In November 1968, 18 dffb students, among them Harun Farocki, Johannes Beringer, Hartmut Bitomsky, Gerd Conradt, and Holger Meins, were expelled from the film school. It was the final episode in a period of political engagement and turmoil after the events of June 2, 1967 which had politicized many students and marked their films. Skip Norman was not expelled, he remained a student and filmed his thesis film Strange Fruit in 1969.

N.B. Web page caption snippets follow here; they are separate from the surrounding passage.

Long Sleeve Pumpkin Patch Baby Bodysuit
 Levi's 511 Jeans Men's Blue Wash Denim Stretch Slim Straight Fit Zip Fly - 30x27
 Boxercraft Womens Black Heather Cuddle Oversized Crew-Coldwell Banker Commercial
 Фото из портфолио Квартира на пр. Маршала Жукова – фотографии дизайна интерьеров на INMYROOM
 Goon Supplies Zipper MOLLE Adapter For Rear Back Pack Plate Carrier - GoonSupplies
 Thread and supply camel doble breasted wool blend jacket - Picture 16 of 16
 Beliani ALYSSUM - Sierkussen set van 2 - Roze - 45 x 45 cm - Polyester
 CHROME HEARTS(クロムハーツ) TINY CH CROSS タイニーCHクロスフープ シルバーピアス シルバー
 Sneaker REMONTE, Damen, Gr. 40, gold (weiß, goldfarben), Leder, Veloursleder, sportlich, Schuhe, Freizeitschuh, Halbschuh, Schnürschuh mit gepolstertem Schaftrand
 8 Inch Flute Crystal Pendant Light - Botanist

In October 1969, the SFB program “Abendschau,” a local news program from West-Berlin, interviewed Heinz Rathsack, the school’s director, about the status quo after the political escalation in 1968. While Rathsack explains the steps that they have taken to pacify the situation after the escalation, a sequence from STRANGE FRUIT (with muted sound) is shown – “We have had the courage,” Rathsack says, “to go into enclosure for half a year without accepting new students until the end of this process, and to implement certain changes in the structure and in the study guidelines, about which there is a general agreement now. Self-administration is now in place, it functions and is connected with clear competences. The curriculum has been condensed, there’s more emphasis than before on learning the crafts, collaboration in groups is intensified, and there’s a stronger coordination between theory and practice-based courses. With these measures, crucial conditions have been established so that now, we have the courage to have our entrance exams in December and have a group of new first year students – the fourth one – start in January.” Then the interviewer adds casually: “We have just had a glimpse into a film by Skip Norman, Strange Fruit. The subject is racial conflict in the United States. And now, towards the end of our report, we want to look at an excerpt from DER REIFENSCHNEIDER UND SEINE FRAU – authored by Klaus Wildenhahn and Roland Hehn.”

The decision to use Skip Norman’s images without the sound; to combine them with the school’s director’s words instead of asking the filmmaker for a statement on his work; the fact that hardly anything is said about the film’s content: all this is awkward and dubious. Back then, in 1969, this type of carelessness might have been the norm and gone unnoticed.